> DATA TO EXAMINE:
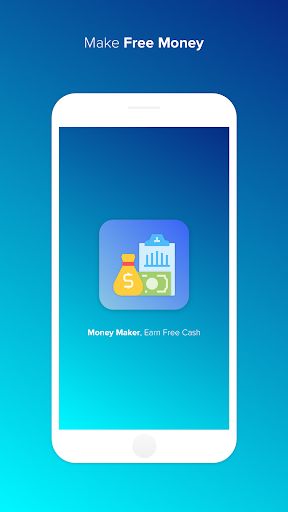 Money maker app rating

---

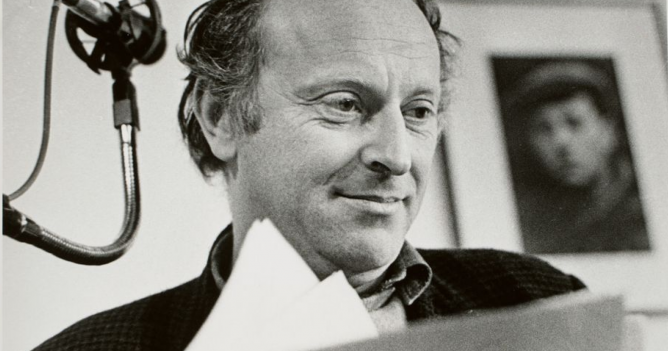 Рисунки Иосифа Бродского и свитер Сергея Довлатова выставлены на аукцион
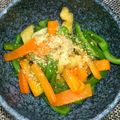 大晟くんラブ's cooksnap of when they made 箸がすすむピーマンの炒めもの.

> YOUR OBJECTIVE: Taking the material above, give again exactly the lines from the one holding "Рисунки Иосифа Бродского" through the one holding "大晟くんラブ's cooksnap of", with both ends and without pictures.

> WRITTEN RESPONSE:
 Рисунки Иосифа Бродского и свитер Сергея Довлатова выставлены на аукцион
 大晟くんラブ's cooksnap of when they made 箸がすすむピーマンの炒めもの.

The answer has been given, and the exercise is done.